Starting at the top of the tree, work your way down while moving to the left for a dot and to the right for a dash. Then output whatever character you happen to be at when the input string ends (i.e., when a whitespace character is encountered). So for example, three dots and a dash will take you to v via e, i and s. Instead of explicitly checking for dots (ASCII \x2e) and dashes (ASCII \x2d), we only need to check the last bit (m[n]&1), which is 0 for . and 1 for -.

Six rows are enough to encode everything except $, which has 7 dot/dashes: ...-..-, but since the input data is guaranteed to be valid, this can easily be fixed by truncating the input at 6 characters (m[6]=0) and interpreting ...-.. as $ instead. We can also cut away the last 7 bytes from the tree data, since they are all empty and aren't needed if the input is valid.


GolfScript (116 113 97 chars)

This includes non-printable characters used in a lookup table, so I'm giving it as xxd output:

0000000: 6e2d 2720 272f 7b60 7b5c 6261 7365 2035
0000010: 3925 2210 a9cd 238d 57aa 8c17 d25c d31b
0000020: 432d 783e 277a 3823 e146 e833 6423 23ac
0000030: e72a 39d5 021c 4e33 3b30 3138 dc51 2044
0000040: 3aa7 d001 df4b 2032 333f 36ae 51c3 223d
0000050: 7d2b 5b35 2d34 5d2f 2b32 3333 257d 256e
0000060: 2b

This decodes to a program equivalent to

n-' '/{`{\base 59%"\x10\xA9\xCD#\x8DW\xAA\x8C\x17\xD2\\\xD3\eC-x>'z8#\xE1F\xE83d##\xAC\xE7*9\xD5\x02\x1CN3;018\xDCQ D:\xA7\xD0\x01\xDFK 23?6\xAEQ\xC3"=}+[5-4]/+233%}%n+

which is essentially

n-' '/{`{\base 59%"MAGIC STRING"=}+[5-4]/+233%}%n+

This uses a (non-minimal) perfect hash based on the core idea of An optimal algorithm for generating minimal perfect hash functions; Czech, Havas and Majewski; 1992. Their basic idea is that you use two hash functions, f1 and f2, together with a lookup table g, and the perfect hash is (g[f1(str)] + g[f2(str)]) % m (where m is the number of strings we wish to distinguish); the clever bit is the way they build g. Consider all of the values f1(str) and f2(str) for strings str of interest as nodes in an undirected graph, and add an edge between f1(str) and f2(str) for each string. They require not only that each edge be distinct, but that the graph be acyclic; then it is just a DFS to assign weights to the nodes (i.e. to populate the lookup table g) such that each edge has the required sum.

Czech et al generate random functions f1 and f2 which are expressed via lookup tables, but that's clearly no good: I searched for a suitable hash using simple base conversions with two distinct bases from -10 to 9. I also relaxed the acyclic requirement.
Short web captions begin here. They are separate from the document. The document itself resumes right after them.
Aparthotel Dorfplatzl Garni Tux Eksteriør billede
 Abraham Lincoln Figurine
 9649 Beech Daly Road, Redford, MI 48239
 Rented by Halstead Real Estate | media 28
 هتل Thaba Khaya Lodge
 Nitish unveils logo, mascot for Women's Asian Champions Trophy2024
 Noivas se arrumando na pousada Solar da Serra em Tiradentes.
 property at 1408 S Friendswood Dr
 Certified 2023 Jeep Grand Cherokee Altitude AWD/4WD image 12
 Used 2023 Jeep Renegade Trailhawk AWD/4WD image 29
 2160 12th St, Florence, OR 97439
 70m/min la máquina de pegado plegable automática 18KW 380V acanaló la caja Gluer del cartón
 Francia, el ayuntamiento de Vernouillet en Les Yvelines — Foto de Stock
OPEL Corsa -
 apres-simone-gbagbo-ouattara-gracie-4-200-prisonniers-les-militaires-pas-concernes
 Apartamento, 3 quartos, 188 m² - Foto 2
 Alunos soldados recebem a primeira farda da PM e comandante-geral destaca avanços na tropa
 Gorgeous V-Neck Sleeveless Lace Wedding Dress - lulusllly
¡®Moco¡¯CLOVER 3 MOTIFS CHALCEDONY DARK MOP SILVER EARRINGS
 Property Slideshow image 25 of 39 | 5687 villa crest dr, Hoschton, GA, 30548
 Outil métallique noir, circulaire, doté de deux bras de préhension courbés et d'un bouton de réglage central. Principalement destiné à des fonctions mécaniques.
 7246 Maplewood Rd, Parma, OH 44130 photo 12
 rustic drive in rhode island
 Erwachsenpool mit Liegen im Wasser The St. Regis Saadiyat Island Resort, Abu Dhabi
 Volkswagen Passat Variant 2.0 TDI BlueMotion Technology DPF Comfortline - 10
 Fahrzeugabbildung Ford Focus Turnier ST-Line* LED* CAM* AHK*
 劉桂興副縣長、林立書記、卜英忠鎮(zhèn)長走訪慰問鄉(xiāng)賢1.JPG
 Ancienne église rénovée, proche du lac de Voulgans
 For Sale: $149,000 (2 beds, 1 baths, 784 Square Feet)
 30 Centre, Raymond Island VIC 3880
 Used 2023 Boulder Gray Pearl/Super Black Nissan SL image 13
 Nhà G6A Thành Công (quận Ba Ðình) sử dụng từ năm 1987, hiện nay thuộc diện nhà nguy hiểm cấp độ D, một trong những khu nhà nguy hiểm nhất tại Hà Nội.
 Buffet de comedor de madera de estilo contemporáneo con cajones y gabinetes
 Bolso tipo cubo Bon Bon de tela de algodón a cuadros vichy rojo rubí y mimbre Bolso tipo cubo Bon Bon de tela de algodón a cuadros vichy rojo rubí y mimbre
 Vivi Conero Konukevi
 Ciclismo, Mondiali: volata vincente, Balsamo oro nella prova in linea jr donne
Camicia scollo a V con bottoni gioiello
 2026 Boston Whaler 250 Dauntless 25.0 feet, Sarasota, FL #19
I didn't want to assign the strings to values from 0 to 54, but to the corresponding ASCII codes, so rather than taking (g[f1(str)] + g[f2(str)]) % m I wanted (g[f1(str)] + g[f2(str)]) % N for some N > 'z'. But that allows freedom to try various N and see whether any of them allow a valid lookup table g, regardless of whether there are cycles. Unlike Czech et al I don't care if the search for the perfect hash function is O(n^4).

The graph generated by -4base and 5base mod 59 is:

Graph rendered by dot with some minor tweaks

which is fairly nice apart from the biggest connected component, which has three cycles of length 1. We have to go up to N=233 before we can find a g which is consistent.


Mathematica 62

Mathematica allows us to cheat

f=ToLowerCase@StringDrop[WolframAlpha[". .- "<>#,"Result"],2]&

f@"."
f@". -..- .- -- .--. .-.. . .-.-.-"
f@".... .- ...- .  -.-- --- ..-  -- --- --- . -..  - --- -.. .- -.-- ..--.."

e

example.

have you mooed today?

The first two symbols . and .- are necessary to interpret small codes correctly.